Altro aspetto inquietante è quello con cui le persone interiorizzano lo stesso stereotipo di cui sono vittime e di come questo finisca per condizionarle come se fosse corretto. Infatti:

Nel 2001, per esempio, Nalini Ambady e colleghi hanno dimostrato che persino le bambine in età prescolare ottengono risultati peggiori in semplici prove di calcolo se prima si pone l’accento sul loro genere. In una ricerca, in particolare, bambine di origine asiatica riuscivano meglio della media se si rendeva saliente la loro origine etnica, ma si trovavano invece in difficoltà se si sottolineava la loro appartenenza di genere, effetto che mostra peso e conseguenze sia degli stereotipi positivi sia di quelli negativi.

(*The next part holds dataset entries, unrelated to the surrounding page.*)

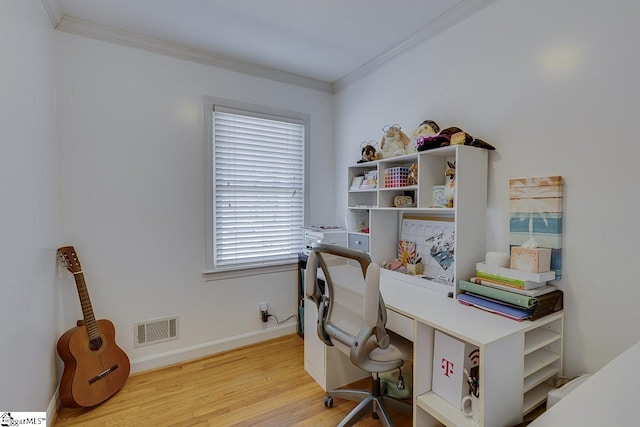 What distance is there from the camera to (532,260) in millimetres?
1396

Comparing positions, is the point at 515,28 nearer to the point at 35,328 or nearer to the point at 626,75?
the point at 626,75

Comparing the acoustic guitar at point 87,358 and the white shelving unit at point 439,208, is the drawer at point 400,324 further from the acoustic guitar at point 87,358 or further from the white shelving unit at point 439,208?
the acoustic guitar at point 87,358

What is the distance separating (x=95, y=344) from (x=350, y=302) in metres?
1.74

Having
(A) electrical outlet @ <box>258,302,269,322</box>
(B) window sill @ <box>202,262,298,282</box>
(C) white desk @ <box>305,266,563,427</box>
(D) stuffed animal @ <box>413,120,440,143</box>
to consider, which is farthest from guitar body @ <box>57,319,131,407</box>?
(D) stuffed animal @ <box>413,120,440,143</box>

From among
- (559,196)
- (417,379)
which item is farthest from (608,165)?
(417,379)

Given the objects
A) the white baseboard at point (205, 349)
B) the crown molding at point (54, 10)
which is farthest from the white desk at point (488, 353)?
the crown molding at point (54, 10)

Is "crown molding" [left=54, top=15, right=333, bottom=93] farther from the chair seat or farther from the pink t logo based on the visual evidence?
the pink t logo

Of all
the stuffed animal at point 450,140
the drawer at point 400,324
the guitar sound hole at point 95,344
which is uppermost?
the stuffed animal at point 450,140

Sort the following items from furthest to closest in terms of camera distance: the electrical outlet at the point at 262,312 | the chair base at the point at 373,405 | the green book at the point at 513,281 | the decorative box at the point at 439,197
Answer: the electrical outlet at the point at 262,312, the decorative box at the point at 439,197, the chair base at the point at 373,405, the green book at the point at 513,281

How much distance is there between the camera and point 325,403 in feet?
5.84

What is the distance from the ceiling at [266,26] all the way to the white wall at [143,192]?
0.41 ft

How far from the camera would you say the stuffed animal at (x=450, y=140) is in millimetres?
1631

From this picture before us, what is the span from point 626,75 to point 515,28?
1.96 feet

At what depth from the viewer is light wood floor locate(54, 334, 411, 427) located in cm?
168
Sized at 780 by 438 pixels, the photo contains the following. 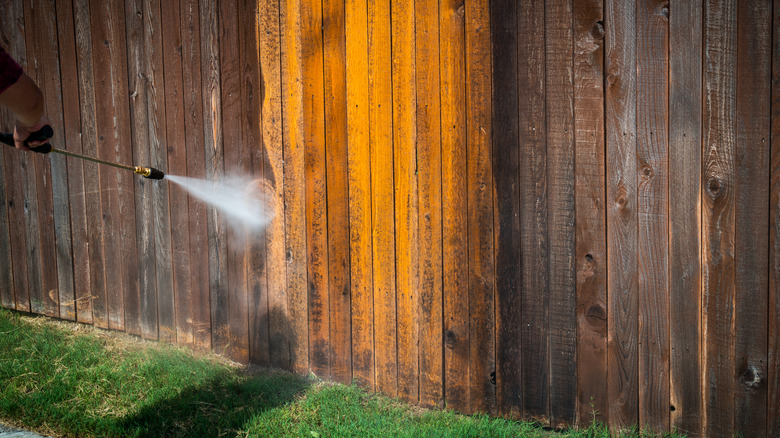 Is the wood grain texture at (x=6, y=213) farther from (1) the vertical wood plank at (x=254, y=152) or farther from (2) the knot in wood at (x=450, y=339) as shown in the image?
(2) the knot in wood at (x=450, y=339)

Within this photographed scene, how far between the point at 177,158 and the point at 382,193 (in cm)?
169

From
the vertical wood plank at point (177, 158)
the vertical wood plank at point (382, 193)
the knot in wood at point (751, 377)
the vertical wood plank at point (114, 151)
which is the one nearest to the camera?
the knot in wood at point (751, 377)

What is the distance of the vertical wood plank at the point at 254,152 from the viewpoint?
157 inches

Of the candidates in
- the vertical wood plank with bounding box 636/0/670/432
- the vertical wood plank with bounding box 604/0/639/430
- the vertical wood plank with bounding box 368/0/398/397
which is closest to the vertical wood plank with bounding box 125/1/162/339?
the vertical wood plank with bounding box 368/0/398/397

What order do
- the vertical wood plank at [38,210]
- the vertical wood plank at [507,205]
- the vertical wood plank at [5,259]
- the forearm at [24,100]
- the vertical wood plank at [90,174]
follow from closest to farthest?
the forearm at [24,100]
the vertical wood plank at [507,205]
the vertical wood plank at [90,174]
the vertical wood plank at [38,210]
the vertical wood plank at [5,259]

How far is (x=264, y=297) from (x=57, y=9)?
9.83ft

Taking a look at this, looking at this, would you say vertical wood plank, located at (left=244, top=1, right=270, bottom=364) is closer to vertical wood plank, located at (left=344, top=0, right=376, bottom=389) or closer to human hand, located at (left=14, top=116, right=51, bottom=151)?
vertical wood plank, located at (left=344, top=0, right=376, bottom=389)

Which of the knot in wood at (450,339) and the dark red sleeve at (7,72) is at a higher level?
the dark red sleeve at (7,72)

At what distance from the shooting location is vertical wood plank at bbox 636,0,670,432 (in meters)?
A: 2.87

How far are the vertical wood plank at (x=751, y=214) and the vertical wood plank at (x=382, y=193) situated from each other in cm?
175

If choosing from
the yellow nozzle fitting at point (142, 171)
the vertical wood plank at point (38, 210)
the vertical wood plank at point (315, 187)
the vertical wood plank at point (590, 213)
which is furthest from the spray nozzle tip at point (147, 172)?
the vertical wood plank at point (590, 213)

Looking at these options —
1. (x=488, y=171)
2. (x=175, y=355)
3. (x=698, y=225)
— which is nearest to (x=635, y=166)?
(x=698, y=225)

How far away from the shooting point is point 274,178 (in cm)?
400

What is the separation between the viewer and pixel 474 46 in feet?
10.7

Ma tutto il capitolo è ricco di dati sconcertanti di cui forse il più insidioso (in quanto sembrerebbe dare ragioni alla giustificazione meritocratica della diseguaglianza) è che la quantità di denaro disponibile altera direttamente il QI: e questo accade anche per variazioni temporanee. Scrive la Volpato:

Gli autori hanno effettuato uno studio analogo in alcuni distretti rurali dell’India, in cui i contadini ricevono la paga in un’unica soluzione una o due volte l’anno, subito dopo il raccolto, e sperimentano quindi periodi di relativa disponibilità di denaro e periodi di vera e propria penuria. […] hanno scoperto che i contadini rispondevano molto peggio nelle fasi di penuria: nel periodo successivo al pagamento le risposte corrette […] aumentavano di circa il 25%, percentuale che corrisponde a una differenza di 9 o 10 punti nel quoziente di intelligenza; […] I ricercatori commentano i dati parlando di una “tassa sulla mente” provocata dalla povertà.

Trasversalmente ai vari capitoli non mancano poi dei tentativi di inquadrare all’interno dei processi mentali legati alle dinamiche della diseguaglianza sia il fenomeno della ostilità all’immigrazione dai paesi poveri a quelli ricchi che quello del populismo.

Il saggio si conclude con un capitolo dove ci si chiede se e come sia possibile invertire l’attuale tendenza alla crescita della diseguaglianza economica. La risposta dell’autrice è molto articolata: ovviamente occorrerebbe un mutamento nelle scelte politiche/economiche, maggiore istruzione per tutti e una riconsiderazione del principio meritocratico ma, soprattutto, una reale consapevolezza delle diseguaglianze e del loro impatto negativo sugli individui e la società. Senza questa consapevolezza è difficile che si realizzano le altre condizioni.

Personalmente trovo che questo libro sia la fondamentale premessa per analizzare e capire le diseguaglianze economiche e non solo: partire dalla natura dell’uomo, e in particolare dai suoi limiti psicologici, permette di riconoscere, anticipare ed evitare delle problematiche che altrimenti potrebbero sfuggire e falsare risultati basati su un ideale di essere umano molto migliore di quanto effettivamente non sia.